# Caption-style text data
+++++
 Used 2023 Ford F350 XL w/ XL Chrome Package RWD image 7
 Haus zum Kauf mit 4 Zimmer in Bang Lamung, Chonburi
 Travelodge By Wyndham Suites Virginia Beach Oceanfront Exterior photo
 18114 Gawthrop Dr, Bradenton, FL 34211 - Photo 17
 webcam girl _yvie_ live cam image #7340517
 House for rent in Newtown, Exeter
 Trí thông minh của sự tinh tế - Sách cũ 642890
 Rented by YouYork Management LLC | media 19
+++++
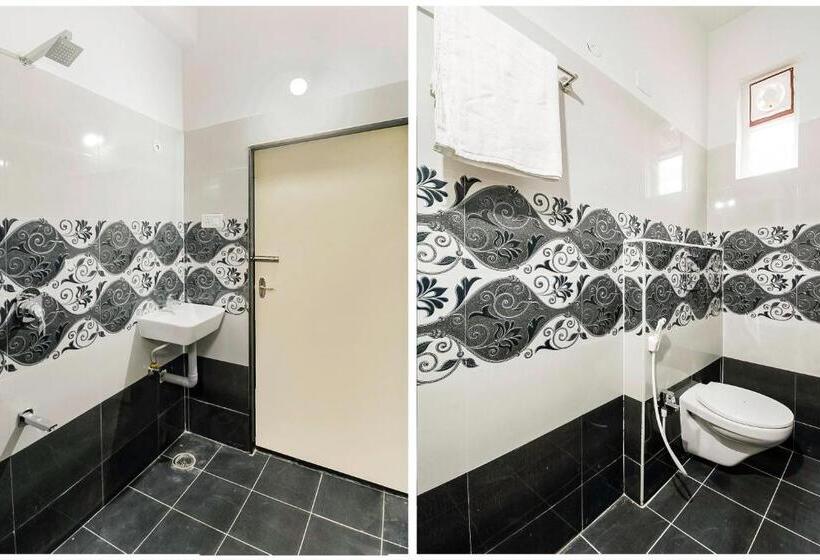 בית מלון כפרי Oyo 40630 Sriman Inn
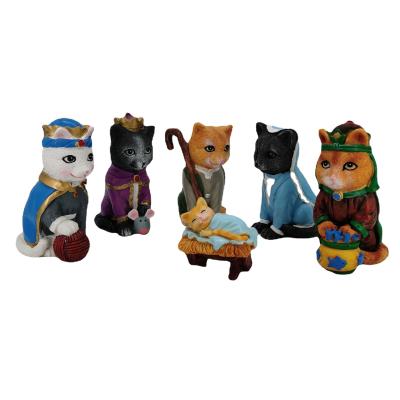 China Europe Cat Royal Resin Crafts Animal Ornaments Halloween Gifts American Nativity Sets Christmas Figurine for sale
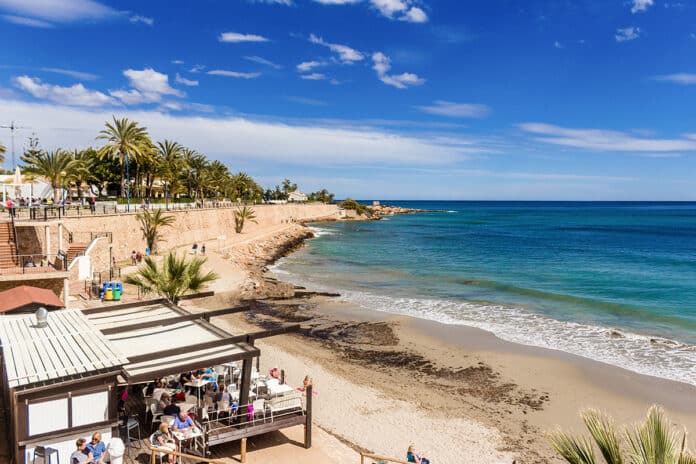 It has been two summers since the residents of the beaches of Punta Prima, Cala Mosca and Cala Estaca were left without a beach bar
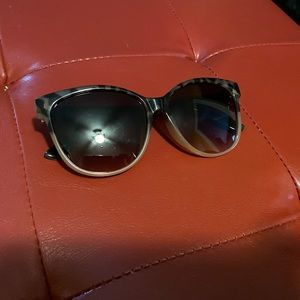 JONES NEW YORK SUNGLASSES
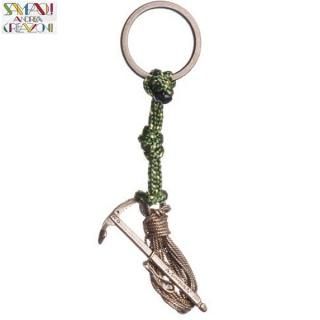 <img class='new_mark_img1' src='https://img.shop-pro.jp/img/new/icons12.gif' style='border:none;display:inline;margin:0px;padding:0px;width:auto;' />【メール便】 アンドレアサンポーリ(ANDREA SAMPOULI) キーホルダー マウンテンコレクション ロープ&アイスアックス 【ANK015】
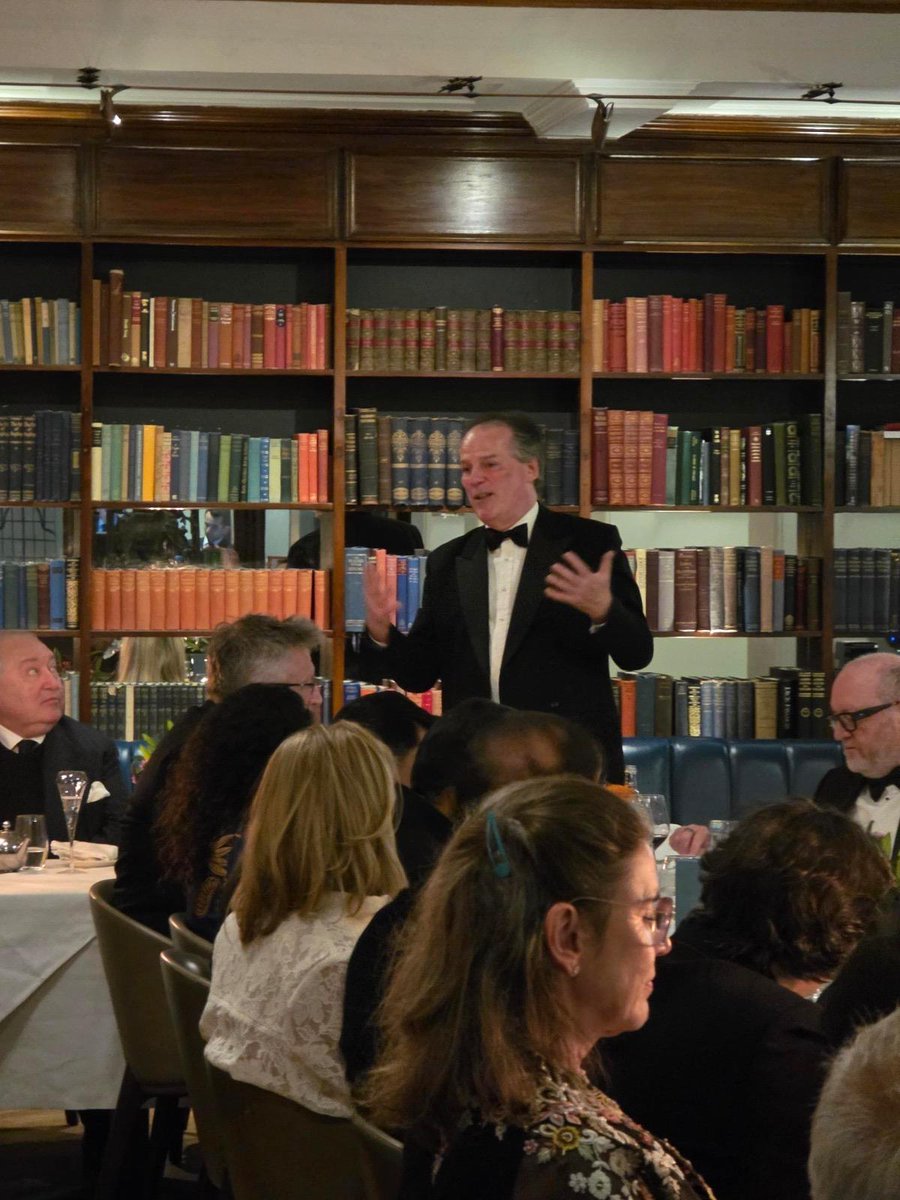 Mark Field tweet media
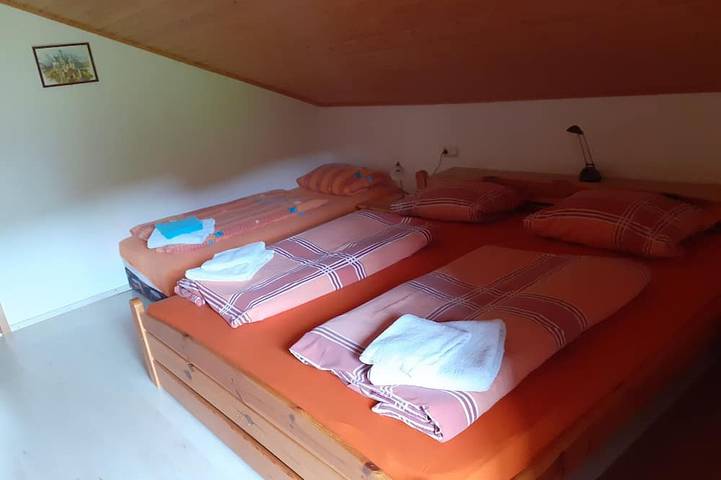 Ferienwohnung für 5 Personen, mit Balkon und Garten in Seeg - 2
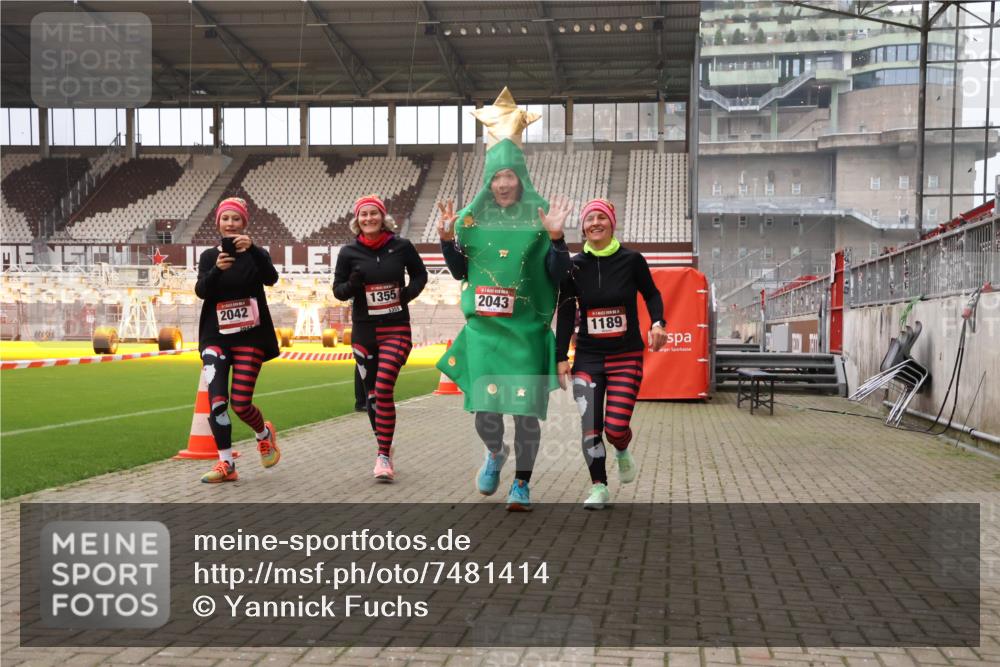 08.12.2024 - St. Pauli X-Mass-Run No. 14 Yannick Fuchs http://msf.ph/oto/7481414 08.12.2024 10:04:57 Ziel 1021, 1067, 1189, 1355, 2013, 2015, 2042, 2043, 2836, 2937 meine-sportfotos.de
+++++
# Prompt
Retype only the lines above between the line with "Used 2023 Ford" and the line with "18114 Gawthrop Dr, Bradenton, FL", counting those two lines as well, and keep every character as it is.

# Result of the task
 Used 2023 Ford F350 XL w/ XL Chrome Package RWD image 7
 Haus zum Kauf mit 4 Zimmer in Bang Lamung, Chonburi
 Travelodge By Wyndham Suites Virginia Beach Oceanfront Exterior photo
 18114 Gawthrop Dr, Bradenton, FL 34211 - Photo 17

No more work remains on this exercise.